Arkasını falan döneceği yoktu bunun. Üstelik bakışlarında bir meydan okuma vardı, sanki korkup kaçmamı bekliyordu. Belki de istediği, beklediği buydu.

Caner sıkılmış gibiydi. "Buraya gelmen için sana bir dakika veriyorum."

Derin bir nefes aldım. Çıplak falan kalacak değildim ki, yani tamamen çıplak sayılmazdım. "Yoksa ne?"

Gölün kıyısına daha da yaklaştı. "Yoksa gelir seni ben alırım."

Kaşlarımı çatarak ona baktım. "Dene de görelim."

"Kırk saniye," yakına gelirken yoğun ve delici bakışlarla beni izliyordu. Ellerimle yüzümü ovuşturarak iç çektim.

"Otuz saniye," yakınlaşıyordu.

"Hay anasını..." diye mırıldandım ve üstümdeki elbiseyi çekip çıkardım. Ellerim kalçalarımda uca doğru ilerledim. "Mutlu musun?"

Caner'in gülümsemesi kayboldu ve bana baktı. "Sen varken ben asla mutlu olmam,"

"Ne dedin?" ifadesiz yüzüne gözlerimi kısarak baktım. Söylediğini düşündüğüm şeyi söylememişti.

"Hiçbir şey."

Dikkatli bakışları altında daha da fazla kızararak döndüm ve atlanacak yerin çok dik olmadığı gölün ucuna gittim. Suyun verdiği his muhteşemdi, tenimi karıncalandıran rahatsız edici sıcaklığı azaltıyordu.

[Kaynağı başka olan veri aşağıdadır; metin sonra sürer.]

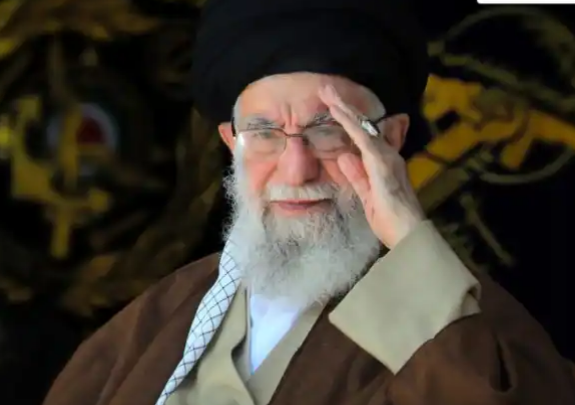 ईरान के सर्वोच्च नेता आयतुल्लाह अली खमेनेई गंभीर रूप से बीमार: उत्तराधिकारी की घोषणा की गई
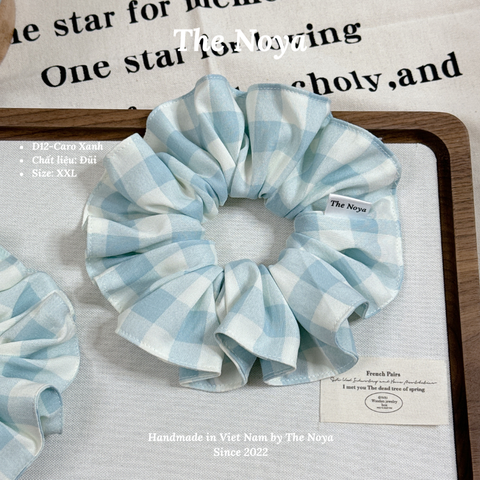 Dây buộc tóc hoạ tiết caro xanh thủ công handmade chất đũi mí viền The Noya D12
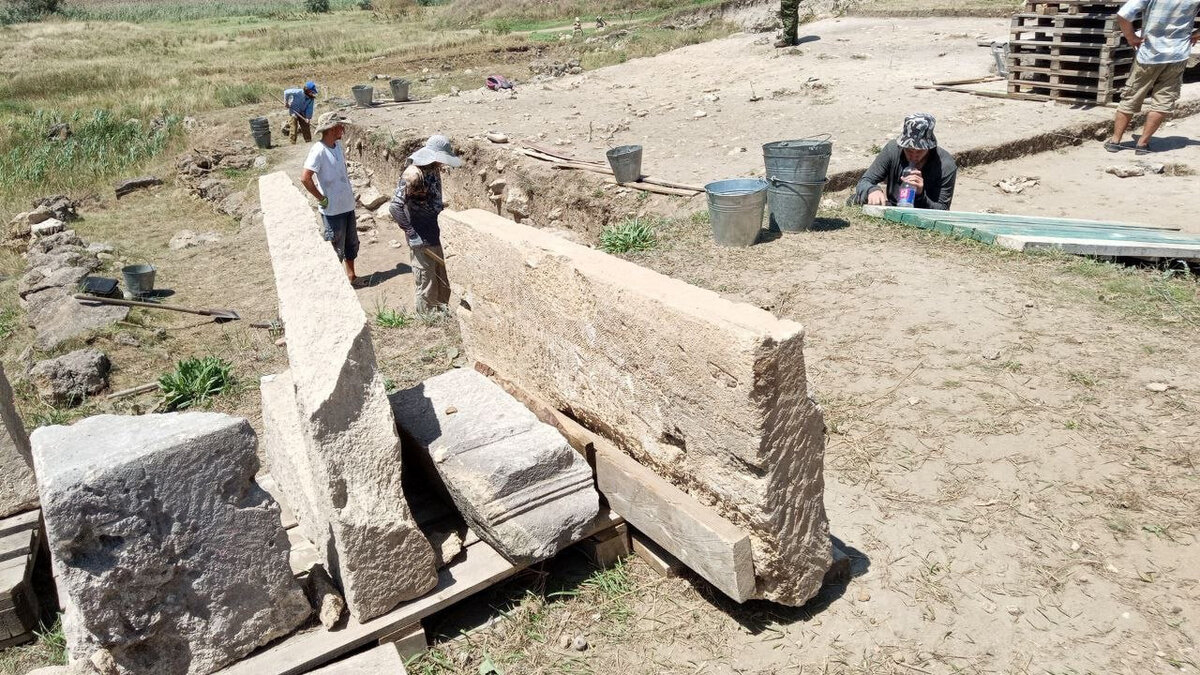 Знаете ли вы, что у Артезианской археологическая экспедиция, которая ведет свои работы в Крыму в городище Артезиан, интереснейшие находки?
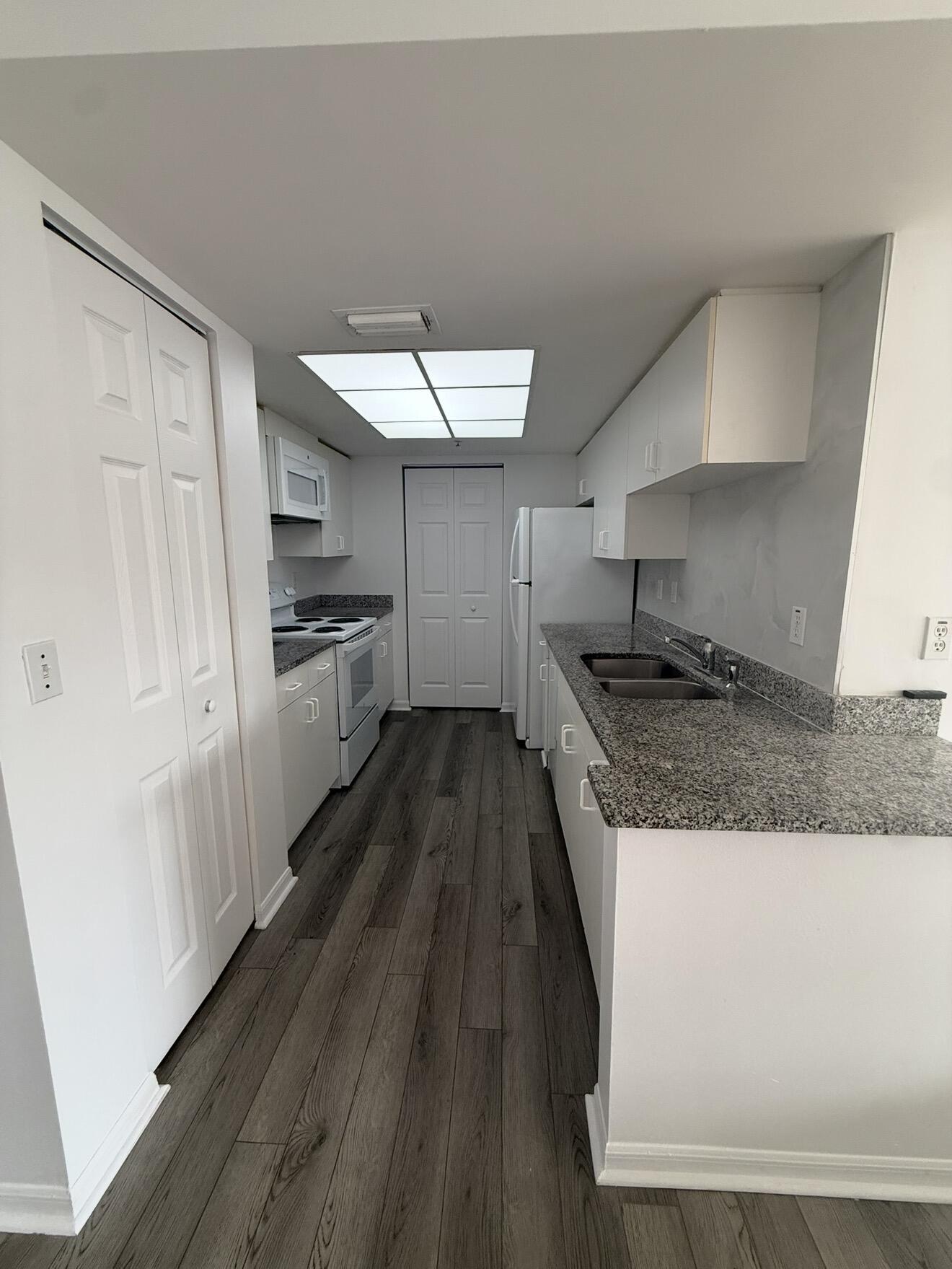 100 Crestwood Ct Court N 111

Herhangi bir şey söylemek için kekeledim. "Burası güzelmiş,"

Bir an beni izledi, sonra da şükürler olsun ki suyun altında gözden kayboldu. Geri çıktığında yüzünden sular damlıyordu. Yüzümü serinletmek için ben de daldım. Zihnimi düşüncelerden arındıran soğuk dalgası canlandırıcıydı. Yüzeye çıkınca yüzümdeki saçı çektim.

Caner beni birkaç metre uzaktan inceliyordu, yanakları suyun üzerindeydi ve verdiği nefes, suyun üzerinde hafif dalgalar yaratıyordu. Bakışları kışkırtıcıydı ve gözlerimi gözlerinden ayırmakta zorlanıyordum.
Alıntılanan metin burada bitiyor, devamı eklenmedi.